Allowed HTML - you can use: <a href="" title=""> <abbr title=""> <acronym title=""> <b> <blockquote cite=""> <cite> <code> <del datetime=""> <em> <i> <q cite=""> <s> <strike> <strong>

34 thoughts on “Outrageous to Criticise Pharisees, Says Archbishop

1 2
  • John Goss

    Would appreciate a source link to enable fair criticism. What exactly did he say? I’ve missed this. The head of his church upended the tables of the money-changers and criticised them for turning his father’s house into a den of thieves. It is very bad monkey-business if the Primate seeks to challenge God on this teaching.

  • Ba'al Zevul

    While Welby is inherently pro-business, and pro-hierarchy, and as establishment as all-get-out, the fact remains that mass immigration (as facilitated by that arch-revolutionary, Tony Blair) is at least as much to the advantage of business as to its disadvantage.
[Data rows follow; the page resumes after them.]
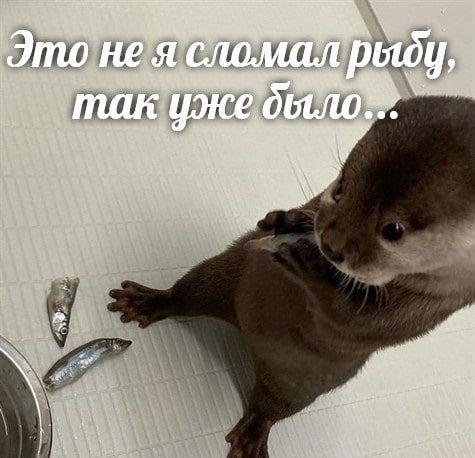 Начните свой день с улыбки и хорошего настроения! native-yes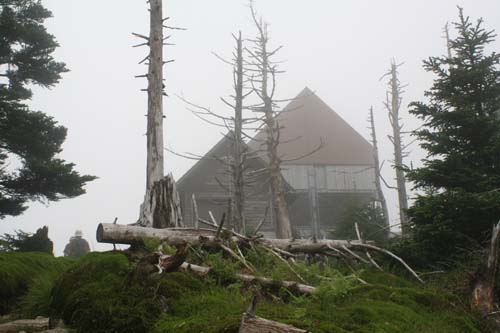 オオヤマレンゲ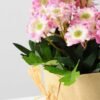 FLOWERS WRAPPED WITH PAPER GS-0338633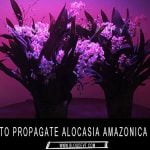 alocasia-amazonica-bulbs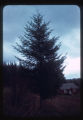Same tree as #18, Leeward side
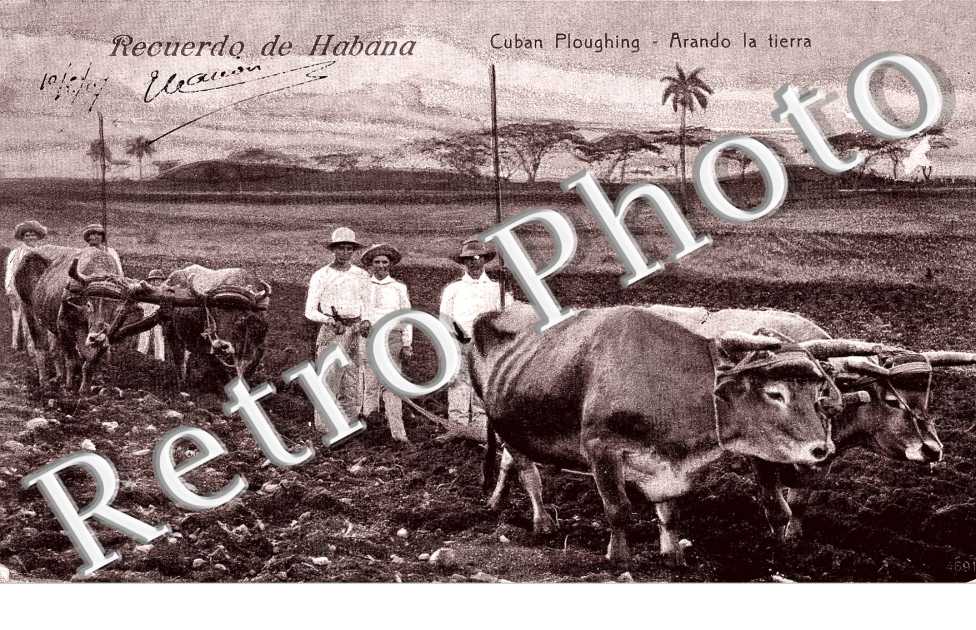 arando la tierra.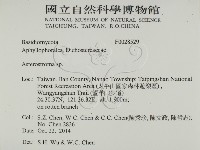 登錄號:F0028529藏品圖，第2張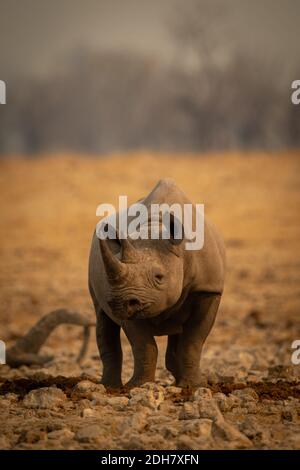 Le rhinocéros noir se dresse parmi les rochers tournant la tête Banque D'Images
Cheap labour is always attractive for businesses. I think his opinion recognises the deep unease felt by a probable majority of those living here already that (a) our housing and social infrastructure is under extreme pressure already (b) there are only so many jobs in this economy and (c) – on the liberal side – it would be far better not to promote wars abroad which drive refugee flows.

    Call me a bastard – better men than you have – but I really fail to see why the man in the street has any moral obligation to provide Ethiopians with shelter while the number of rough sleepers who were born here doubled last year.

  • craig Post author

    Baal

    It is not either or. There is more than enough wealth in this country for nobody to be homeless. The problem is the distribution of wealth.

  • John Goss

    I’m sure a link suddenly appeared on bloody foreigners that was not there before, because I looked for it. Naturally I cannot share his views on this any more than I could share his views on petrodollars being the fruit of all good!

  • Ba'al Zevul

    The problem is the distribution of wealth.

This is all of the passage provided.